For a moment it felt like a hammer in his heart--she was speaking more frankly about his situation than anyone except Andrew. But then she was Andrew's sister, wasn't she? He should have expected her to be plain-spoken.
"Or do you prefer that we pretend that it isn't a barrier between you and other people?"
Apparently she had sensed his shock. But that was over, and now it occurred to him that he probably shouldn't be annoyed, that he should probably be glad that they wouldn't have to sidestep the issue. Yet he was annoyed, and it took him a moment to think why. Then he knew.
"My brain damage isn't your problem," he said.
"If it makes it hard for me to understand you, then it's a problem I have to deal with. Don't get prickly with me already, young man. I h
ave only begun to bother you, and you have only begun to bother me. So don't get steamed up because I happened to mention your brain damage as being somehow my problem. I have no intention of watching every word I say for fear I'll offend an oversensitive young man who thinks the whole world revolves around his disappointments."

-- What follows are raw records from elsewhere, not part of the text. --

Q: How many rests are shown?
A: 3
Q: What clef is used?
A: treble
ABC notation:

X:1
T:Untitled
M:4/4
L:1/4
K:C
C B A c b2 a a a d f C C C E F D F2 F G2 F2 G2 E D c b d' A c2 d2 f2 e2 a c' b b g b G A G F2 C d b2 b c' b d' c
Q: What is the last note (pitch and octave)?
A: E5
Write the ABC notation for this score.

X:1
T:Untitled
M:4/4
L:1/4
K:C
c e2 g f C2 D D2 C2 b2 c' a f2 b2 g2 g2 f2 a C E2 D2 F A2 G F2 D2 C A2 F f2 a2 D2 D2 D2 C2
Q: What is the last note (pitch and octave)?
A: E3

Miro was furious that she had judged him already, and so harshly. It was unfair--not at all what the author of Demosthenes' hierarchy ought to be like. "I don't think the whole world revolves around my disappointments! But don't you think you can come in here and run things on my ship!" That's what annoyed him, not her words. She was right--her words were nothing. It was her attitude, her complete self-confidence. He wasn't used to people looking at him without shock or pity.

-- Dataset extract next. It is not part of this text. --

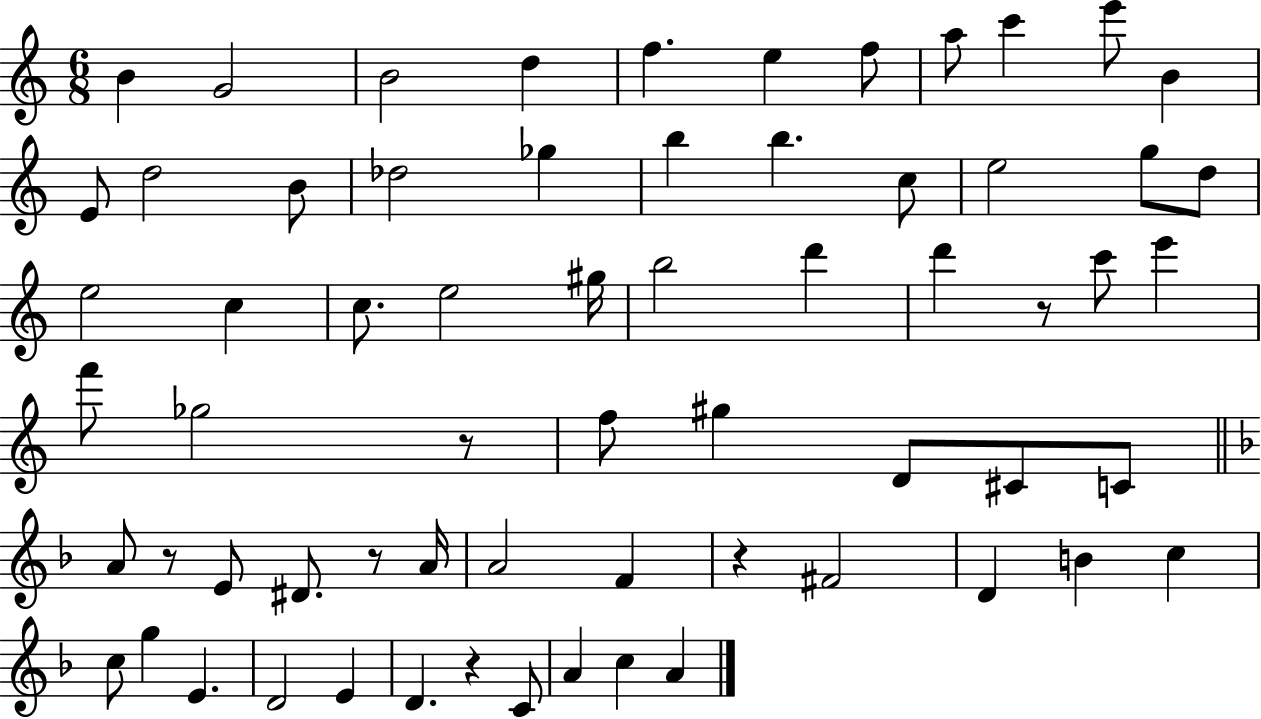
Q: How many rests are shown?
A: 6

She sat down in the seat next to him. He swiveled to face her. She, for her part, did not look away. Indeed, she pointedly scanned his body, head to toe, looking him over with an air of cool appraisal. "He said you were tough. He said you had been twisted but not broken."
"Are you supposed to be my therapist?"
"Are you supposed to be my enemy?"
"Should I be?" asked Miro.
"No more than I should be your therapist. Andrew didn't have us meet so I could heal you. He had us meet so you could help me. If you're not going to, fine. If you are, fine. Just let me make a few things clear. I'm spending every waking moment writing subversive propaganda to try to arouse public sentiment on the Hundred Worlds and in the colonies. I'm trying to turn the people against the fleet that Starways Congress has sent to subdue Lusitania. Your world, not mine, I might add."
"Your brother's there." He was not about to let her claim complete altruism.
"Yes, we both have family there. And we both are concerned about keeping the pequeninos from destruction. And we both know that Ender has restored the hive queen on your world, so that there are two alien species that will be destroyed if Starways Congress gets its way. There's a great deal at stake, and I am already doing all that I can possibly do to try to stop that fleet. Now, if spending a few hours with you can help me do it better, it's worth taking time away from my writing in order to talk with you. But I have no intention of wasting my time worrying about whether I'm going to offend you or not. So if you're going to be my adversary, you can sit up here all by yourself and I'll get back to my work."